Individual trough concentrations of mizoribine following 6 mg kg−1 once-daily and twice-daily doses. 1 (
), 2 (
), 3 (
), 4 (
), 5(
), 8 (
)
For any drug, concentrations increase until steady state is achieved, and the degree of accumulation is generally evaluated based on relative ratios of AUC within a dosing interval following the first and last dose of each dosing regimen. On this study, the once-daily dosing resulted in an approximate 15% accumulation, whereas the twice-daily dosing resulted in an approximate 42% accumulation (Table 2). The extent of accumulation of mizoribine at steady state was consistent with that expected from once- or twice-daily administration of an orally administered drug that reaches Cmax within 2–3 h, followed by an elimination phase with a median 3-h half-life. Although the 15% accumulation following the once-daily dosing regimen was relatively small, it could have been expected to be even smaller given that the once-daily dosing regimen is essentially equivalent to seven post-tmax mizoribine elimination half-lives. However, the actual differences in mean AUCτ values between day 1 and day 5 were approximately one-half standard deviation of the mean of this parameter on each study day; consequently, it is difficult to differentiate accurately between true accumulation and variability in this parameter. For twice-daily dosing, the degree of accumulation was greater than that of the once-daily dosing and is consistent with the shorter dosing interval (three post-tmax mizoribine elimination half-lives).

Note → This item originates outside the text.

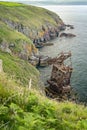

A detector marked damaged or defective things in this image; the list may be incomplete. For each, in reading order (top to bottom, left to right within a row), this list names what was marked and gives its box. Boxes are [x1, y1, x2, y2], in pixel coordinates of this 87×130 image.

rusted metal wreck [45, 51, 73, 99]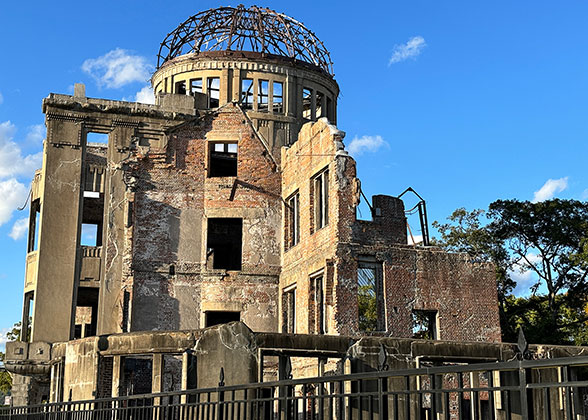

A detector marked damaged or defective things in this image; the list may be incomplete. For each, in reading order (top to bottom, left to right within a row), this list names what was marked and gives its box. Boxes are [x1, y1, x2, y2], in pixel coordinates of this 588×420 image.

Surprisingly, the mean Cmax was similar between the once-daily and twice-daily dosing groups, and this was true on both day 1 and the last study day. This was unexpected given the increases in the trough values and the larger accumulation reported for the twice-daily dosing; however, it may be partially due to the large variability in individual Cmax values, particularly following the twice-daily dosing.
Table 2.
Summary of the single- and multiple-dose pharmacokinetic parameters (mean ± SD) of mizoribine in serum (total N = 12, six for once-daily and six for twice-daily dosing, except where noted)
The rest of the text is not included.